My goats are free to come and go from the barn as they like, rain or shine.


----------



## Minelson (Oct 16, 2007)

Rockytopsis said:


> My goats are free to come and go from the barn as they like, rain or shine.


mine too


----------



## EasyDay (Aug 28, 2004)

Mine, too.
In fact, I've never heard that browse should be dry. Goodness, what would herds of field goats do?


----------



## Kaitlin (Aug 3, 2006)

Well, that's what I thought.Maybe I've got the wrong end of the stick somewhere (No pun intended!) So, everyone else's goats go in and out and eat wet leaves with no ill effects?


----------



## TennesseeMama23 (May 10, 2006)

Kaitlin said:


> So, everyone else's goats go in and out and eat wet leaves with no ill effects?


 Yup


----------



## Qvrfullmidwife (Jan 10, 2004)

Yes, plus goodness what if they drink water after eating dry leaves?


----------



## Kaitlin (Aug 3, 2006)

Okay, Okay!


----------



## Minelson (Oct 16, 2007)

I love these kinds of questions because the same kind of wondering thoughts go through my head too about things


----------



## GoatsRus (Jan 19, 2003)

Mine go out rain or shine. Funny when we first got them years ago, they would run as fast as they could to the barn if they felt one rain drop, now they'll stand outside eating until they are a soaking wet mess!


----------



## pookshollow (Aug 22, 2005)

GoatsRus said:


> Mine go out rain or shine. Funny when we first got them years ago, they would run as fast as they could to the barn if they felt one rain drop, now they'll stand outside eating until they are a soaking wet mess!
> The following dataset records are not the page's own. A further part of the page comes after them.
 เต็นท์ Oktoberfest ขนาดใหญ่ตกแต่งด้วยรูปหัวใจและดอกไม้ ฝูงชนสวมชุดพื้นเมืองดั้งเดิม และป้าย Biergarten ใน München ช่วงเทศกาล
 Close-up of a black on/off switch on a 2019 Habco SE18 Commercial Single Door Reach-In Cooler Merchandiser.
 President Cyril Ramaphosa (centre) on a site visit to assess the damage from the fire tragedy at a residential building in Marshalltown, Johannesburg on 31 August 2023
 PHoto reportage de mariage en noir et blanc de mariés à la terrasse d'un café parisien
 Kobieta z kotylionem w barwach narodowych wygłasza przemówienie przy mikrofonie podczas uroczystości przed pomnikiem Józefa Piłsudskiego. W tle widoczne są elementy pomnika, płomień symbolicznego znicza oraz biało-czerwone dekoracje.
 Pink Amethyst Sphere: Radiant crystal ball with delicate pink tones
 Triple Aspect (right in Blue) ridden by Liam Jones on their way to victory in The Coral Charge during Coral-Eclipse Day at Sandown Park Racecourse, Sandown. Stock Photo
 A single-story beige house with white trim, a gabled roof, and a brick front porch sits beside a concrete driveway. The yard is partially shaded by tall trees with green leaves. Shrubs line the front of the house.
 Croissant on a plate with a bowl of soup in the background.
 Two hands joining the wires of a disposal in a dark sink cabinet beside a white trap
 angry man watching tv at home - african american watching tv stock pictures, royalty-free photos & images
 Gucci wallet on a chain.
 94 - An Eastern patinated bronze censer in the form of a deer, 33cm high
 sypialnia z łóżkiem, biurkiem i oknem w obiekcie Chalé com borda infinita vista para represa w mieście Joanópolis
Ditto! We always used to joke that they'd melt in the rain. :sing:


----------



## jil101ca (Jul 2, 2007)

I don't know about rain but I did read that you should feed hay and let the morning dew dry when the grass first starts to grow and is very lush to prevent bloat. Could this be what your are thinking of? Does anybody follow that advice?


----------



## Madfarmer (Mar 22, 2008)

It's more than just preventing bloat. As foliage dries, parasites move back down closer to the ground, where goats don't usually forage unless the grass/browse is very short. So they pick up fewer parasites on dry forage.

Madfarmer


----------



## Kaitlin (Aug 3, 2006)

Madfarmer said:


> It's more than just preventing bloat. As foliage dries, parasites move back down closer to the ground, where goats don't usually forage unless the grass/browse is very short. So they pick up fewer parasites on dry forage.
> 
> Madfarmer


Perhaps this is what I'm thinking of? I'm pretty bsure I've read somewhere as well that if you pick browse, it's best to leave it to the next day to feed if it's wet.However, just because it was in a book doesm't mean it's right and I'd raher go by everyone's experience.


----------



## Alice In TX/MO (May 10, 2002)

Browse is higher than the worm larvae crawl. We feed browse right away so that it doesn't wilt.


----------



## EasyDay (Aug 28, 2004)

Qvrfullmidwife said:


> Yes, plus goodness what if they drink water after eating dry leaves?


That's what DH said.  "What's the difference if they eat wet leaves or eat dry leaves and then drink water?"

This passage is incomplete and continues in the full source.